The task: Your answer should consist solely of the lines from the one holding "پوستر دیواری دریاچه و طبیعت 10290900" through the final line of the entries, reproduced exactly and without pictures.

Input data:
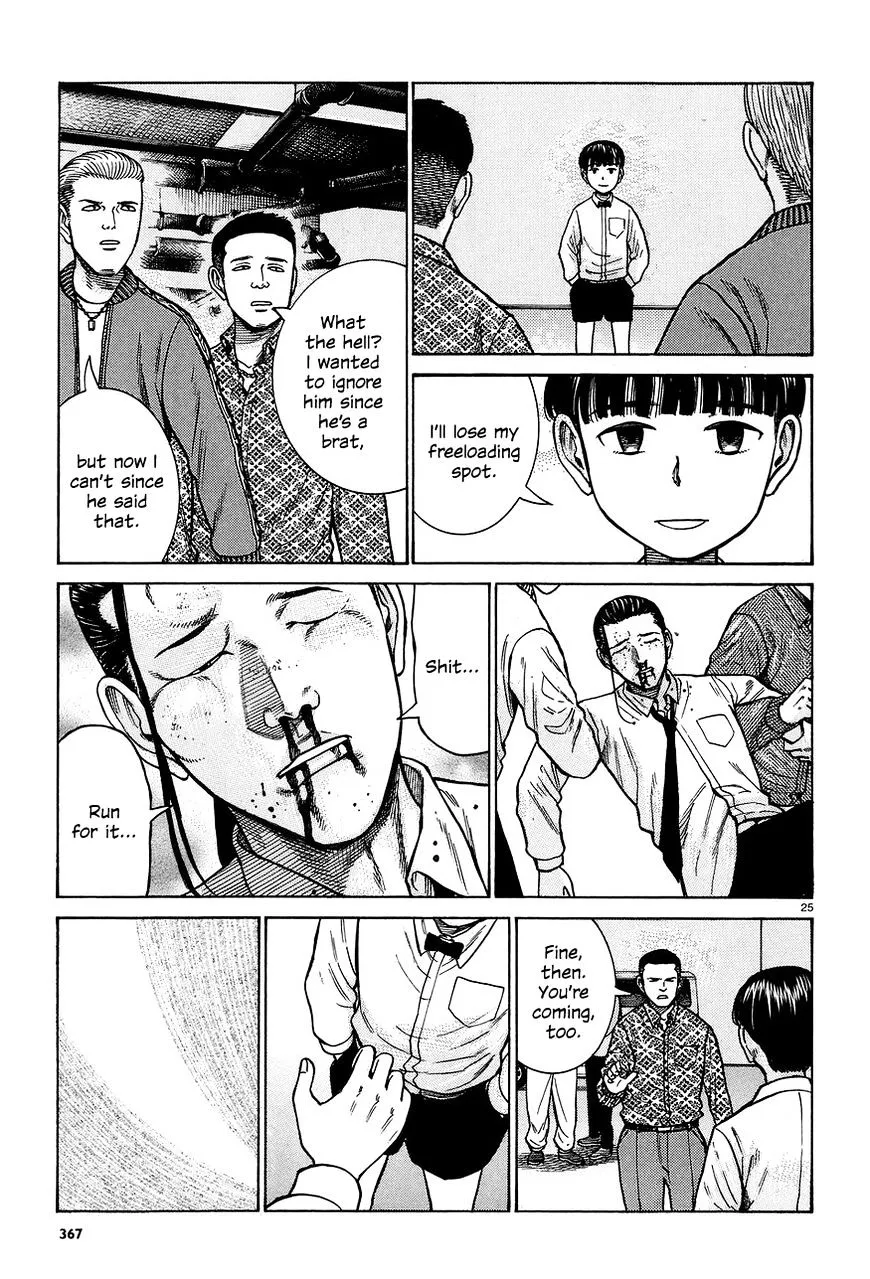 Hinamatsuri - Page 24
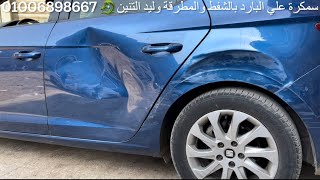 ‏سمكرة على البارد  بالشفط والمطرقة وليد التنين 🐉 01006898667  سيارة سيات ليون 2014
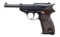GERMAN WWII WALTHER 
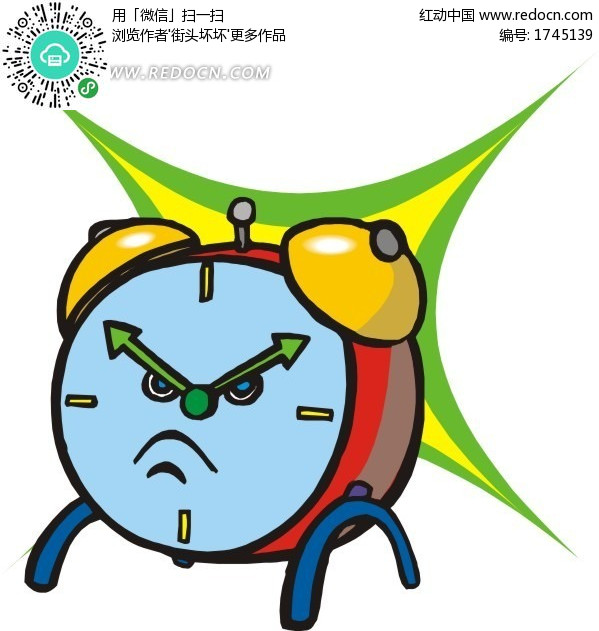 闹钟的表情图片展示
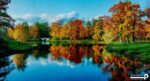 پوستر دیواری دریاچه و طبیعت 10290900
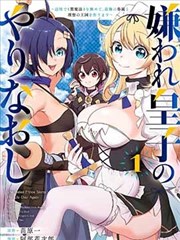 像素印刷所漫画封面示意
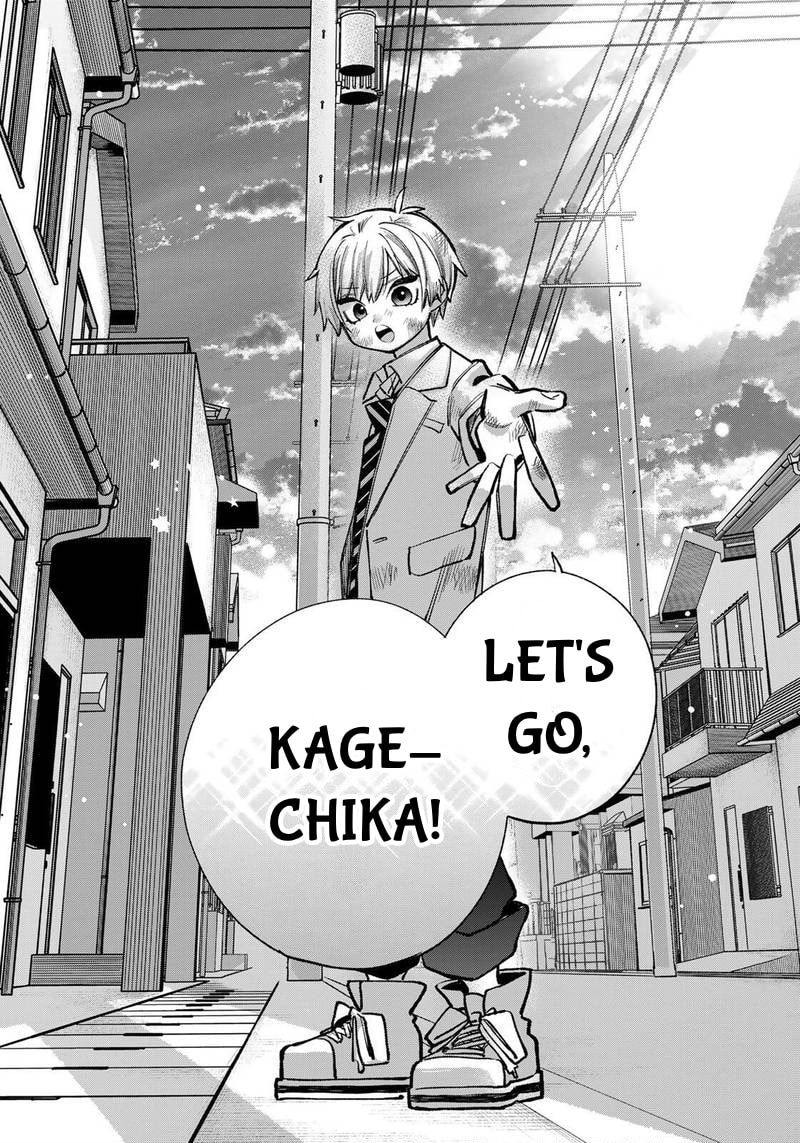 Ore wa Bishoujo VTuber Chapter 13 page 17 - 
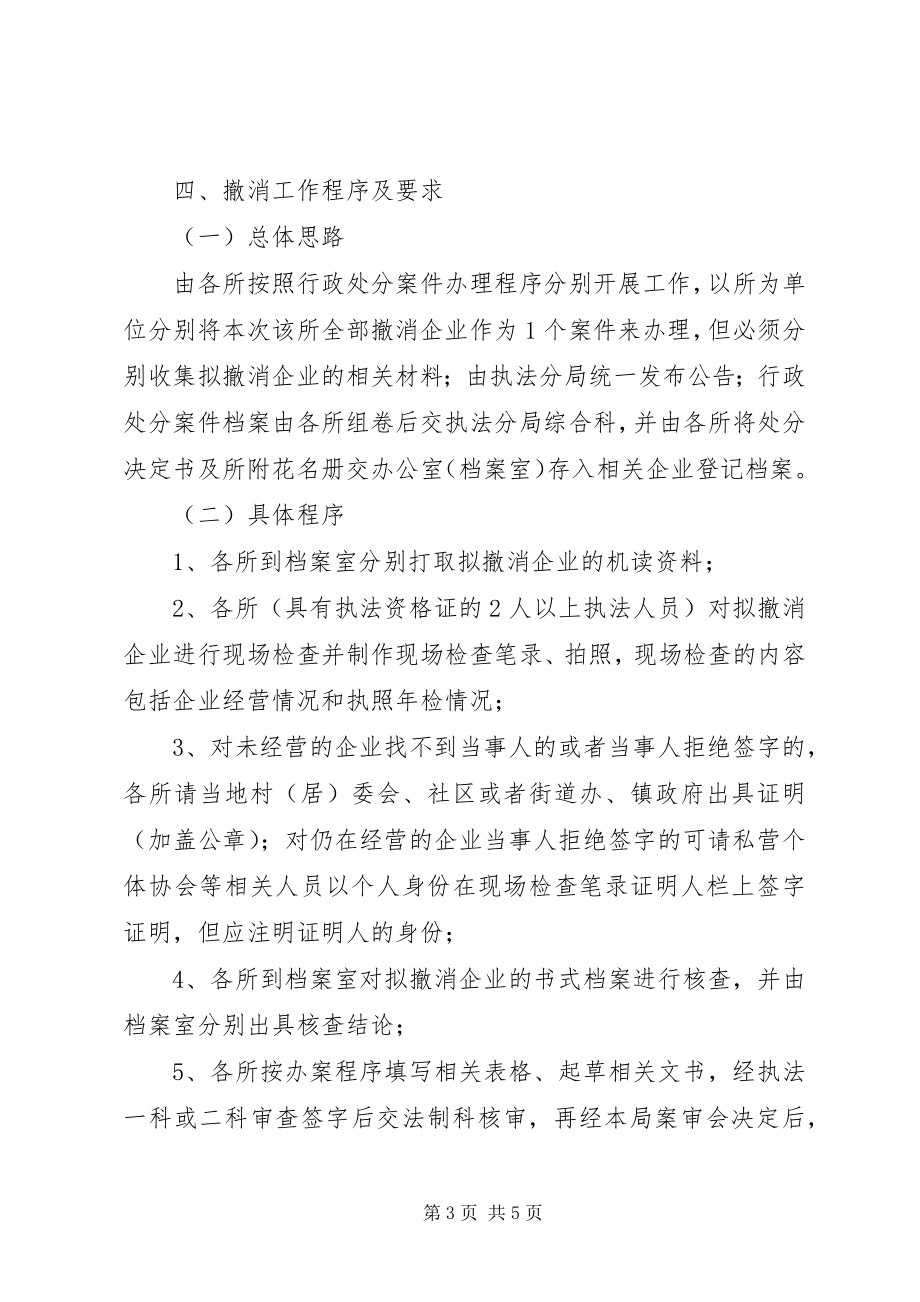 2023年企业营业执照工作实施意见.docx_第3页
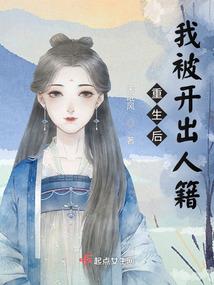 重生之修仙神传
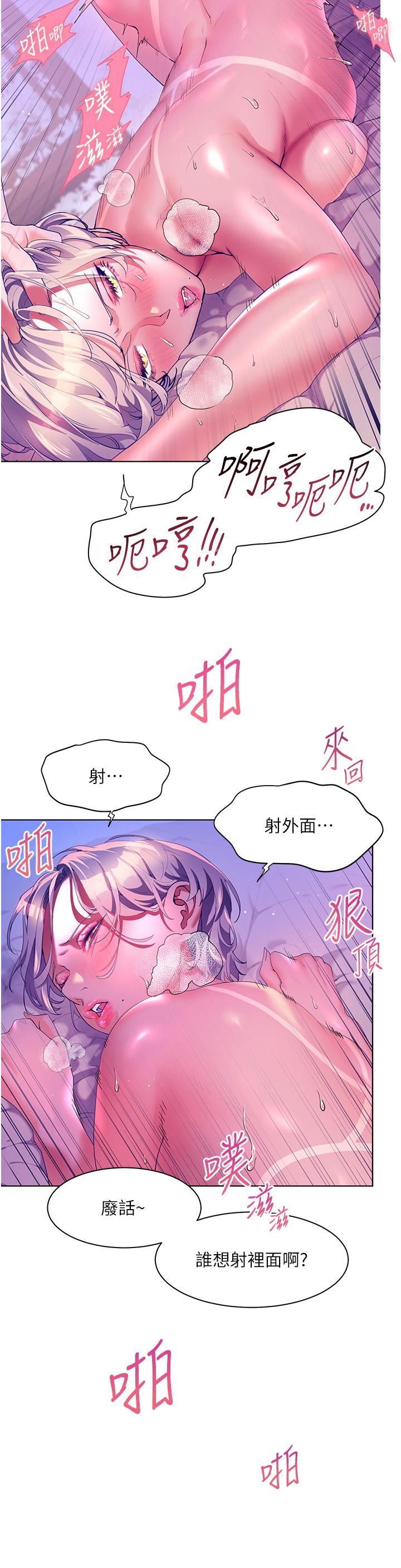幸福小岛第50话-冲破耳膜的叫床声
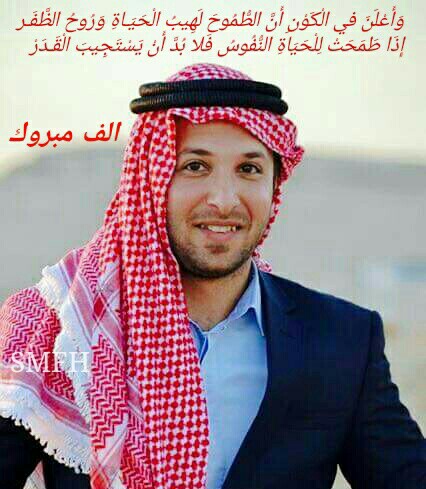 الماجستير لـ"محمد الحربي"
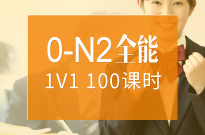 日语零 基础至中级0-N2全能1V1班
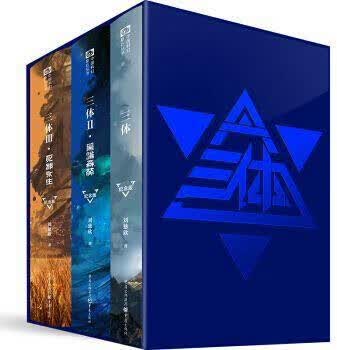 三体（纪念版）（共3册）,刘慈欣著,重庆出版社,9787229124410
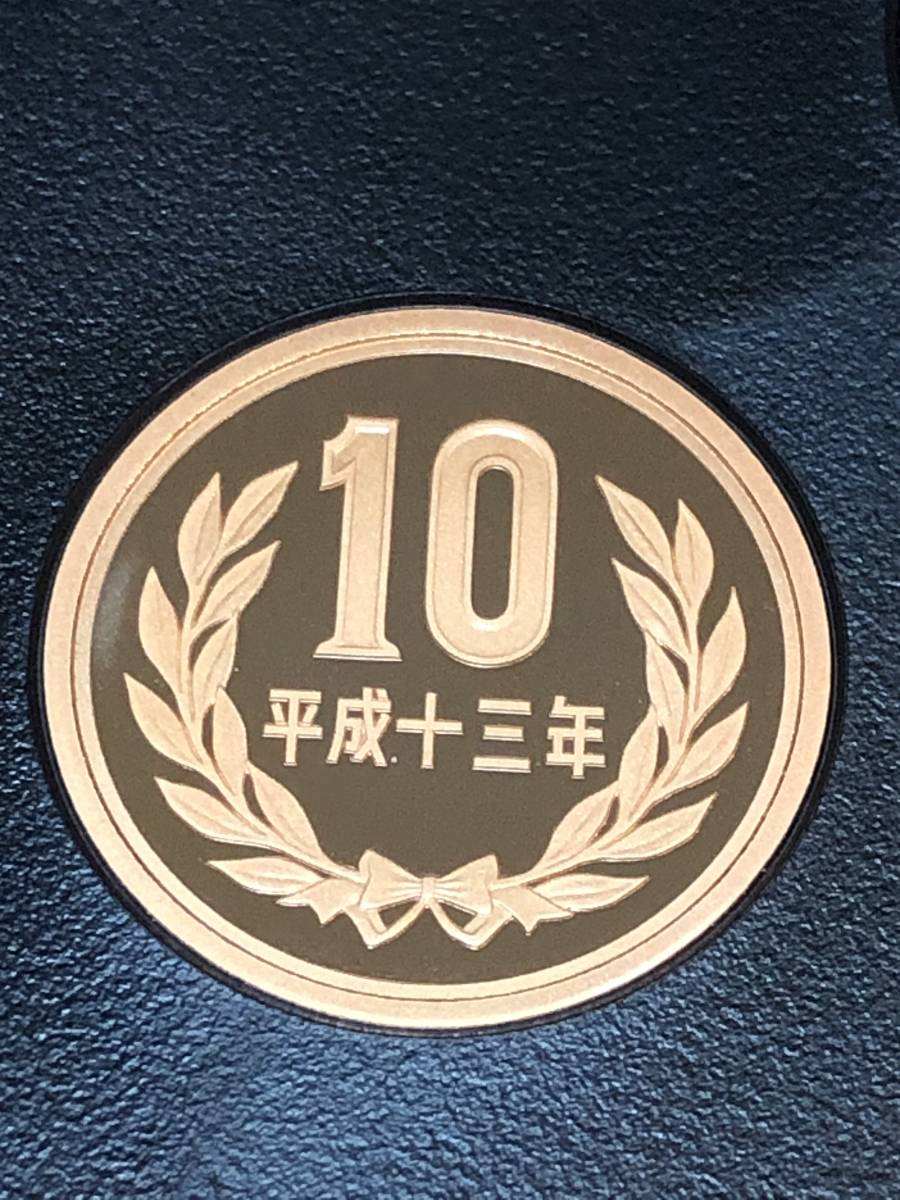 即決あり！ 平成13年 プルーフ出し「10円」硬貨　完全未使用品　１枚 　送料全国94円 ペーパーコインホルダー発送_画像1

Worked solution:
 پوستر دیواری دریاچه و طبیعت 10290900
 像素印刷所漫画封面示意
 Ore wa Bishoujo VTuber Chapter 13 page 17 - 
 2023年企业营业执照工作实施意见.docx_第3页
 重生之修仙神传
幸福小岛第50话-冲破耳膜的叫床声
 الماجستير لـ"محمد الحربي"
 日语零 基础至中级0-N2全能1V1班
 三体（纪念版）（共3册）,刘慈欣著,重庆出版社,9787229124410
 即決あり！ 平成13年 プルーフ出し「10円」硬貨　完全未使用品　１枚 　送料全国94円 ペーパーコインホルダー発送_画像1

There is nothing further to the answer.